I ask again - why do you need to do this?  Is there any other reason than
the cost of a thread context switch vs the cost of process context switch?
If the answer is no and process context switch approximates thread context
switch, then the whole necessity for the complicated two level model goes
away.

: >It's all a crock of doo doo that was deemed to necessary because
: >"context switches cost too much".  
: 
: well, context switches are painful as is any kernel crossing in high
: performance computing. imagine user level networking on high speed
: connections that can have round trip times in the ~50us range (this is
: a software implementation in our lab, SGI's GSN is committed to round
: trip times of around 7us roundtrip hardware latency), if you

I've (a) spent a great deal of time thinking about this very issue, and
(b) worked on GSN at SGI, and (c) am under contract with LLNL working
on exactly this issue, amongst others.  I'm pretty in tune with the
problem space and I don't see that it has any bearing on the discussion
at all.  If you are going to context switch for each packet, you can
kiss your performance good bye whether you are context switching threads
or processes.  Neither are fast enough to hit the needed 10 usec round
trip time that all the HPC folks like LLNL want.

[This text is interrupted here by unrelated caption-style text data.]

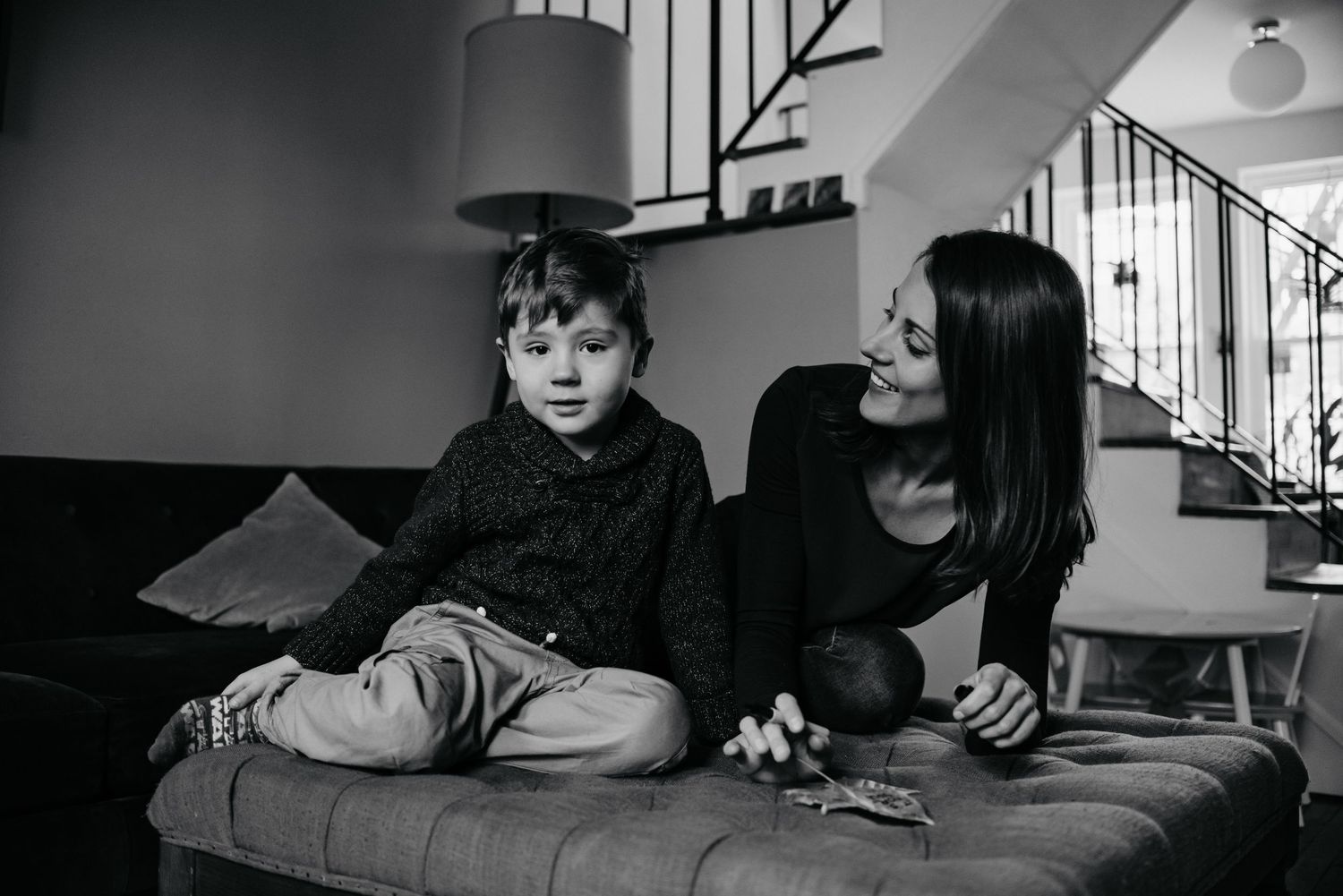 A monochrome image depicts a child and mother lounging together on furniture.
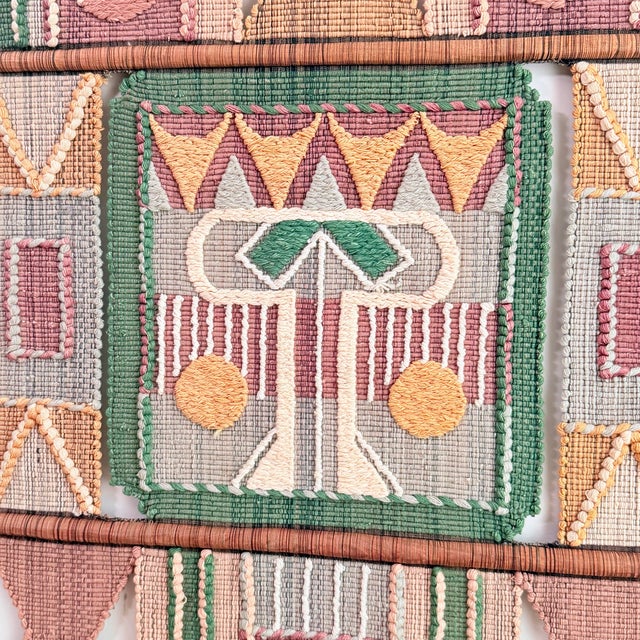 A striking vintage fiber art wall hanging featuring bold geometric motifs in a soft, earthy palette of sage green, dusty...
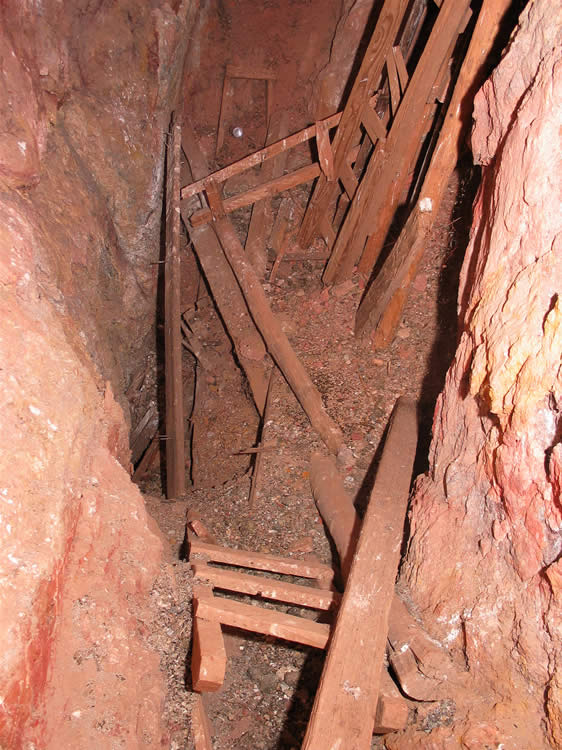 We finally come to the base of the main shaft.  The cave-in and debris that we could see from the surface looks just as bad down here.  It appears that the shaft once continued to a lower level.  Possibly the quartz vein is still exposed in these lower levels but there's no way that we're going to get down there!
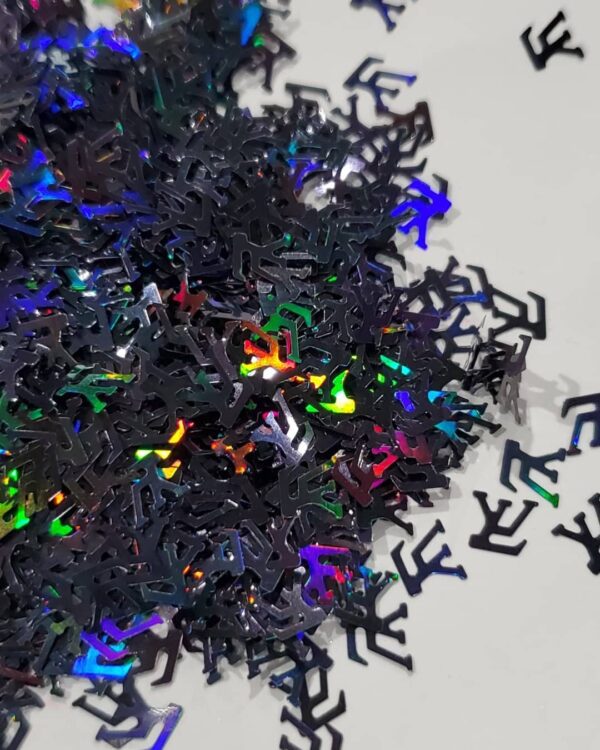 A pile of black confetti with colorful shapes on it.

: you could say that going to an event loop programming model would be
: much more appropriate for this system, but if you can get a thread
: model to handle it this type of load, then do it.

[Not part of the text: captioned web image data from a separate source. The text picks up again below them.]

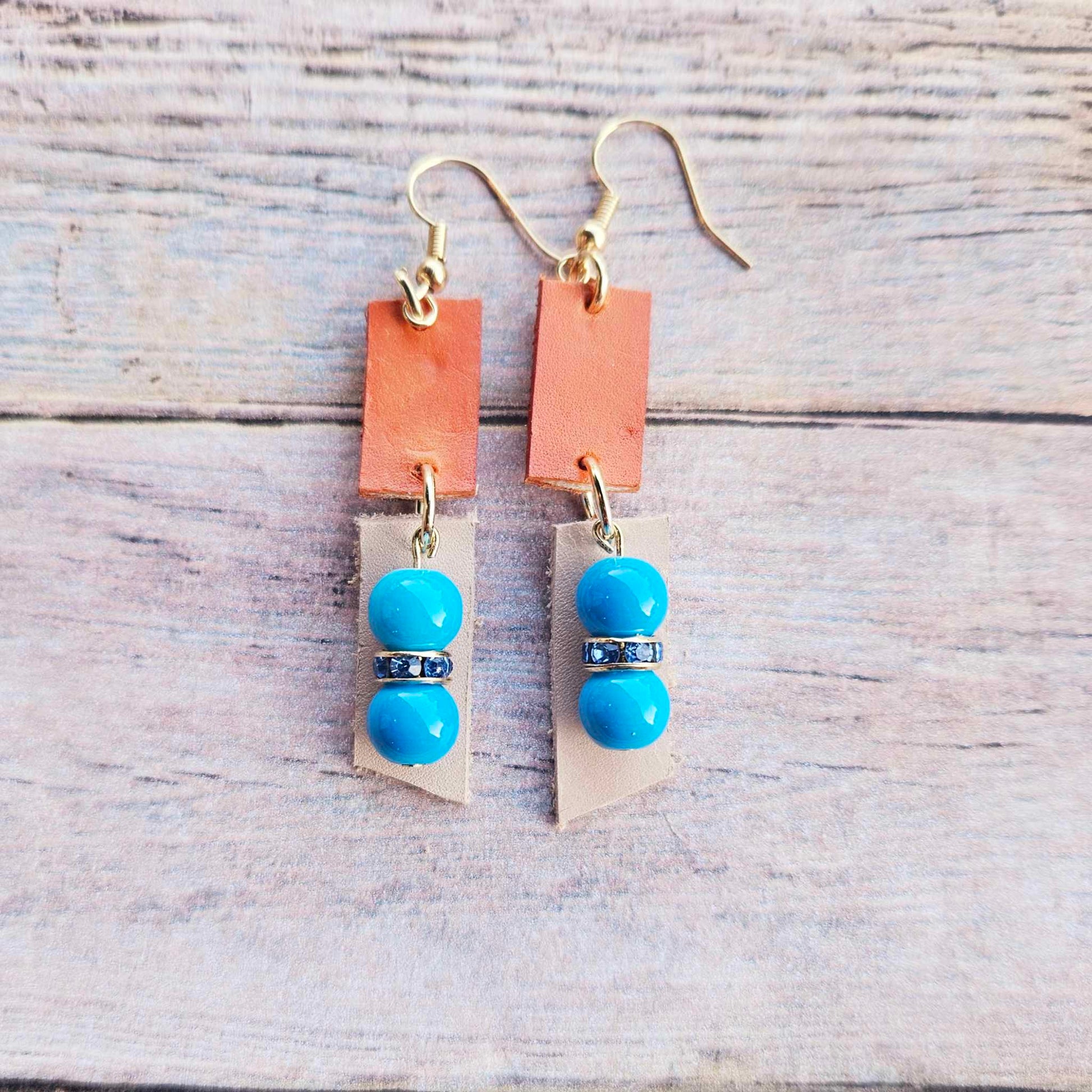 veg tan leather, orange leather, blue rhinestone spacers, turquoise beads, gold earrings, handmade jewelry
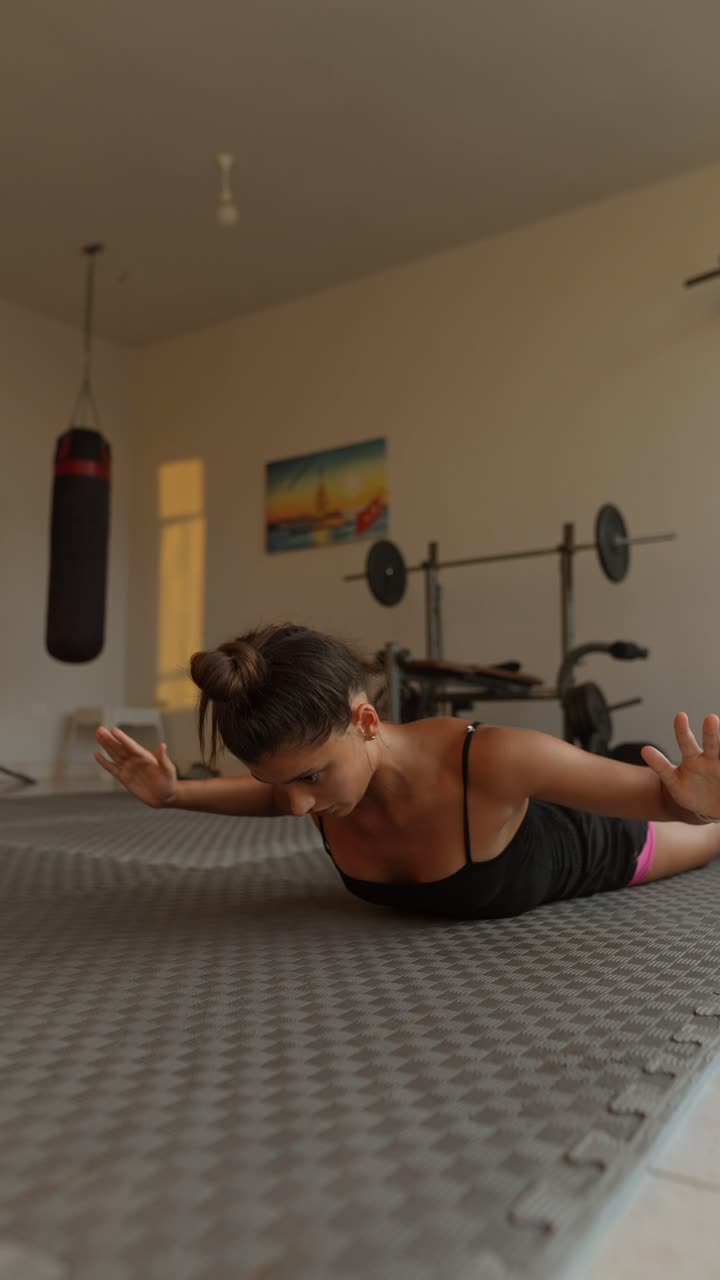 Woman Doing a Plank Exercise in a Home Gym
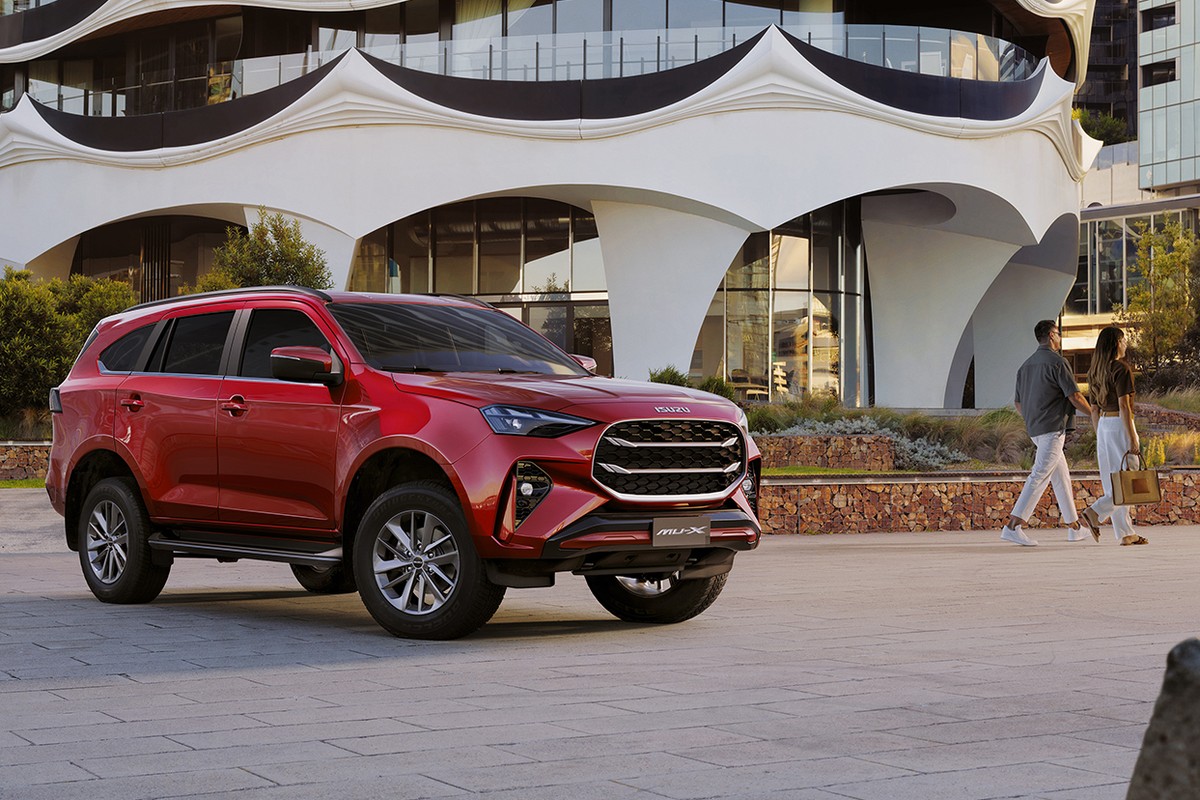 Isuzu MU-X màu đỏ trước công trình kiến trúc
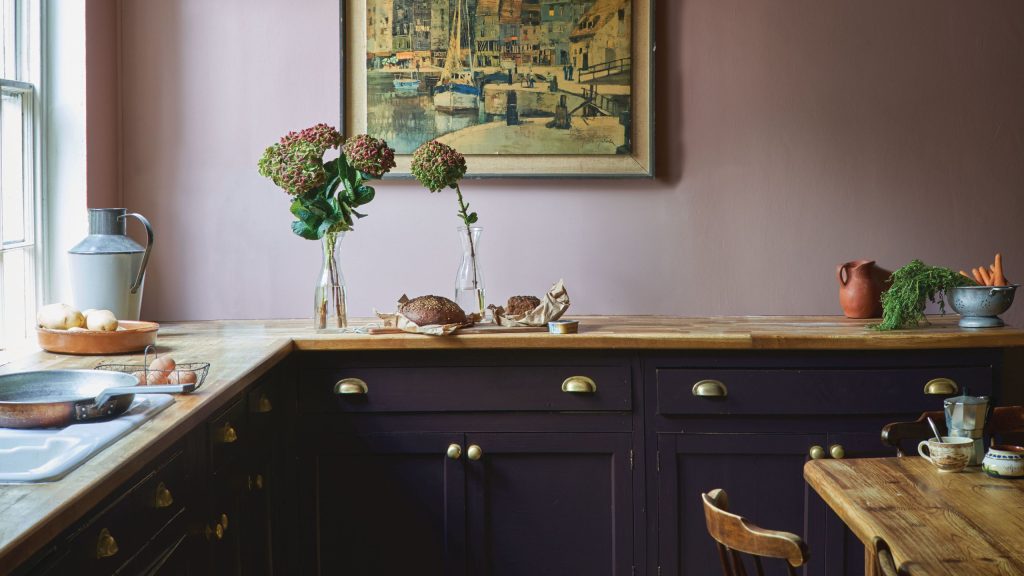 Farrow &amp; Ball kitchen with a pink wall and dark purple cabinetry with wooden worksurface and rustic wood dining table and chair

Agreed with the first part, couldn't agree with the second part - it ain't
happening - the context switches will be kernel level context switches
whether they are "threads" or "processes" since the event generated
is a kernel level event.  Yeah, you can deliver the packet into user
space directly, but have fun getting the kernel to tell your user level
scheduler to run a new thread.  Sure it can be done, and has been done,
but an old quote of mine is "Architect: someone who knows the difference
between what could be done and what should be done".  My architect hat
says this is not "a should be done", your view may be different.

: so, i am really confused by this with the sample program attached below
: and run against the MIT pthreads user level package and the glibc
: linuxthreads implementation shows a bit of a bigger difference than you
: suggest over a 2.2.9 kernel.

That's a threads package problem.  Our numbers agree nicely on the 3.5
usecs time - I get 1.75 usecs for a 2 process context switch plus about
2.7 usecs for overhead of passing a word through pipes.  So if the glibc
is getting 20 usecs or so, they are busted.  But that has nothing to do
with our discussion here: my claim is that if the process performance is
good enough, the whole need for threads as a concept goes a way - a thread
is just a different set of attributes on the process, i.e., shared VM,
signals, PWD, whatever.  And I'm assuming that you are happy with the 
3 usecs number and that's about the same as the process number.  So where's
the need for threads?

: the cache miss domination argument doesn't seem to make alot of sense
: unless you want to believe you are flushing the whole cache which you
: aren't because you are sharing the VM space between the threads.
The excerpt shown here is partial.